WORK TO COMPLETE: Transcribe nothing except the lines below that run from the one with "SUJETADOR DEPORTIVO R-CITY ICONIC FUCSIA" to the one with "2022 Chevrolet Tahoe", ends included, and do not copy any picture.

MATERIAL PROVIDED:

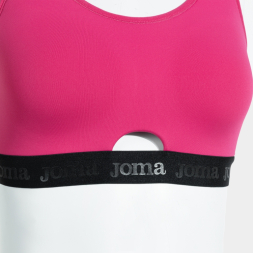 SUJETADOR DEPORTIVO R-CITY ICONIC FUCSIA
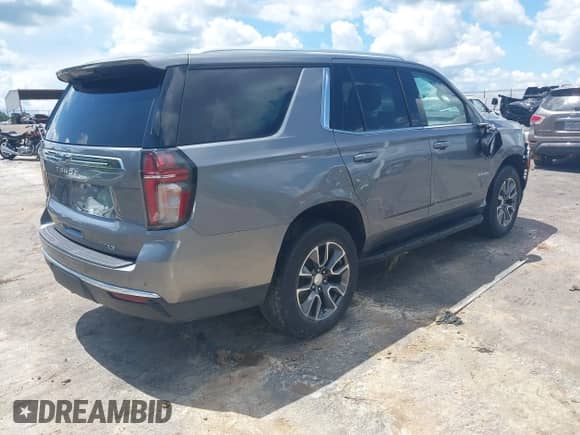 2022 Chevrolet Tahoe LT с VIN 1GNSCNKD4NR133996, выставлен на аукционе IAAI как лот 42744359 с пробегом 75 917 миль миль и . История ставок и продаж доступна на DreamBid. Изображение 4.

* * *

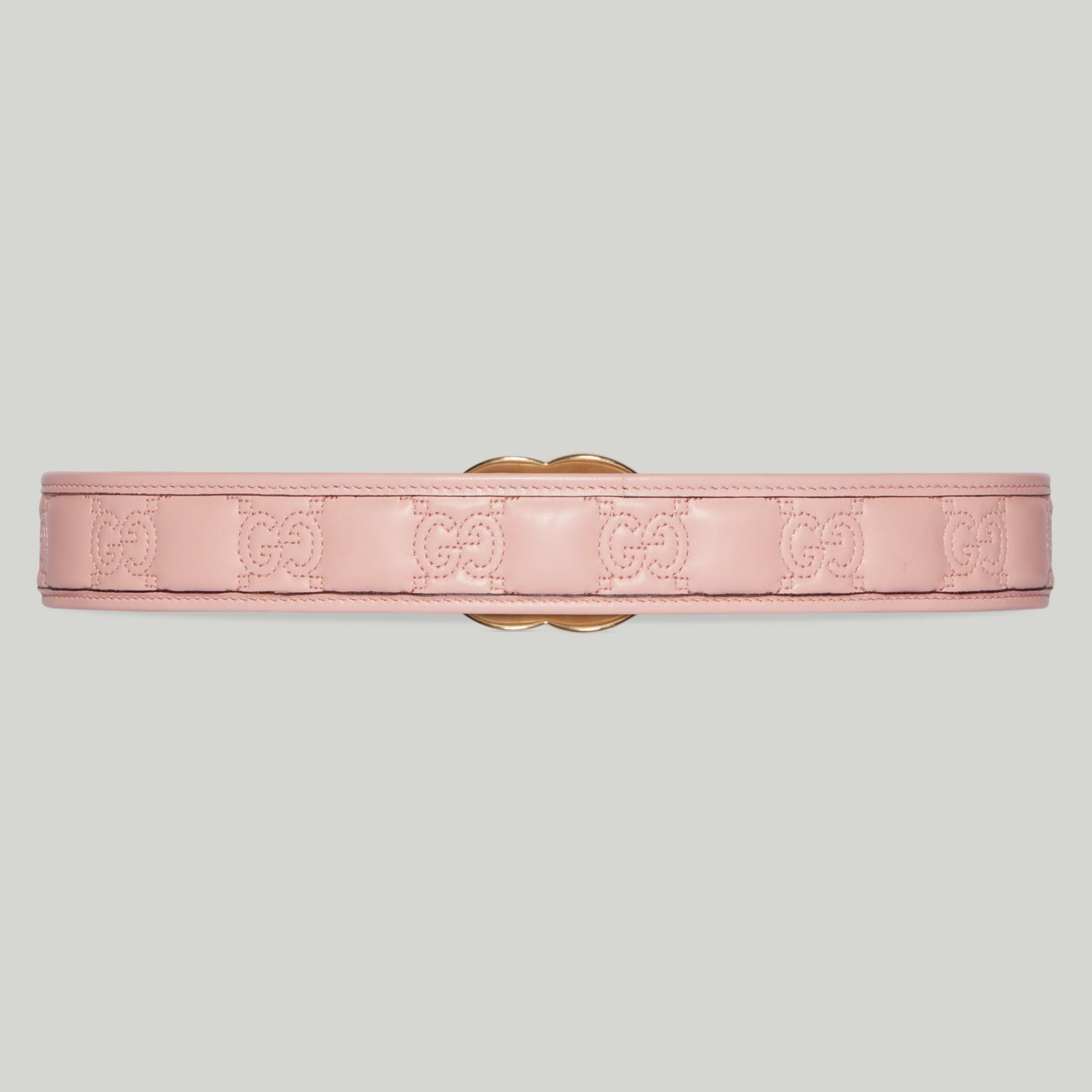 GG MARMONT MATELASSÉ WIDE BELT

...

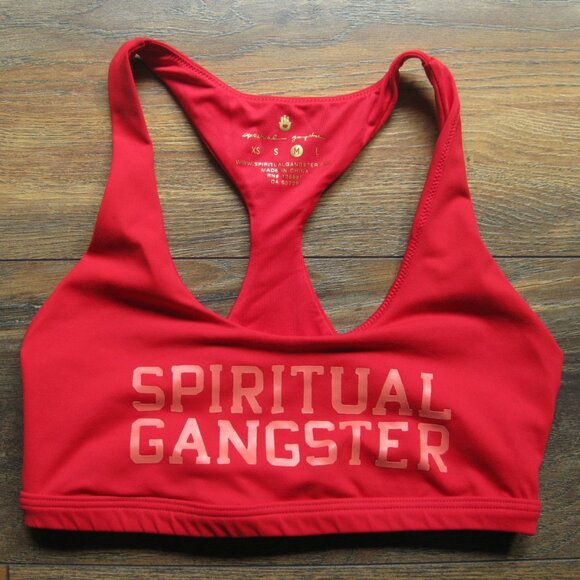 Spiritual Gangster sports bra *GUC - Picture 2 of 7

REPLY:
 SUJETADOR DEPORTIVO R-CITY ICONIC FUCSIA
 2022 Chevrolet Tahoe LT с VIN 1GNSCNKD4NR133996, выставлен на аукционе IAAI как лот 42744359 с пробегом 75 917 миль миль и . История ставок и продаж доступна на DreamBid. Изображение 4.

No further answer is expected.